Earlier in my career, Alan Greenspan became a sort of rock star. Via his role at the Federal Reserve, he came to wield considerable influence over the sentiment of the financial markets. In a similar but different way, Suze Orman and Dave Ramsey serve as examples of people who grew to considerable fame and influence in the field of personal financial advice; without commenting on the actual quality of their advice it is possible to observe that Orman and Ramsey share something with Oprah: their celebrity and the willingness of the public to take their advice are intertwined on some level.
And then I consider Warren Buffett. Is there anyone cited more frequently as an example of a super-star investor? Does Bill Gross or George Soros or Sir John Templeton inspire as much attention in the media?
I do not meant to suggest that Buffett is not an interesting topic for study and conversation; his successful record and his current status among the wealthiest people on earth is explicitly notable. I will leave the biographical blurb to the many who have covered it before me, but will restate here some facts:
It is a fact that Buffett's company, Berkshire Hathaway, has thoroughly trounced the market (defining the market as the S&P 500 total return index) over the long run.
His company ranks among the top 5 publicly traded companies in the world.
His personal net worth is second in the world.
(and that, despite giving billions of dollars away.)
So, all of that to say, I think Buffett's status as a pro investor is legitimate. The challenge or conflict for me comes in when I see how individual investors who aspire to emulate Buffett engage with or understand his example.
Want to invest like buffett? too bad, you can't
It may seem harsh or defeatist, but individual investors cannot invest like Warren Buffett (or his company, Berkshire Hathaway). Consider this Buffett quote from a recent NY Times article: "“Our emphasis has shifted in a major way to owning and operating large businesses."

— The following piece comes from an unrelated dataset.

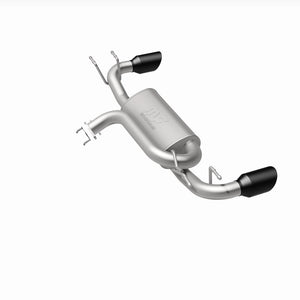 Product of Magnaflow Performance 19459 Street Axle Back System Single Exhaust System Kit 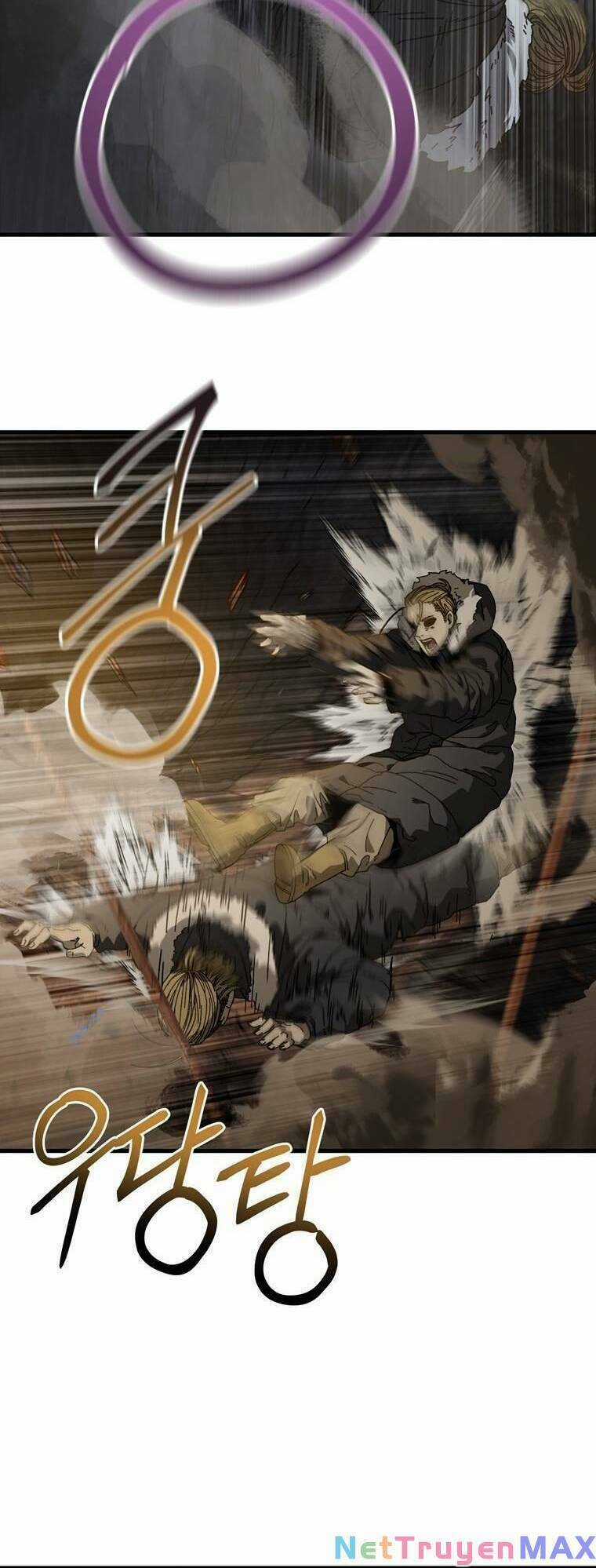 Địa Ngục Hận Thù - Chapter 17 - Trang 26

The implication is that Buffett is primarily interested in companies he can own, not merely invest in.
Consider the deal in 2013 when Berkshire Hathaway bought Heinz. Buffett paid twenty three billion dollars for control of the company. He paid a 20% premium to the prevailing market price, and made Heinz part of Berkshire Hathaway.
Even earlier in his career, before his company had the resources to pull off $23B deals, Buffett made it his mission to amass positions in his investments sufficient to exert some measure of control.
The challenge for non-billionaire investors is that it is difficult to buy this type of ownership in large, successful publicly traded companies. That 400 million shares of Coca-Cola? That's $1.6 billion today.
Another way Buffett can operate that other folks simply cannot is via access he has because, well, he's Warren Buffett. Consider the example of his investment in Goldman Sachs in 2008, in the midst of the financial crisis. Calling it a sweetheart deal diminishes the very real and present danger of the financial markets at the time, but it was still a special deal. In short, because he both the interest and the capacity to make a splashy
"confidence building" purchase in Goldman Sachs in a timely manner, he got very favorable terms.
What can the rest of us do, then?
To be clear, it is possible for an everyday investor to apply the valuation techniques and intellectual rigor to their investment choices that Buffett himself employs. There is no secret magic to learning to read a balance sheet and income statement and to making a careful analysis of a business's operations and prospects. In a nutshell, that is what investors are supposed to do. And aspiring to own companies, to become wealthy, and to accomplish philanthropy on the scale of someone like Warren Buffett are all worthwhile goals...it is just that "investing like Buffett" is an inherently complicated notion.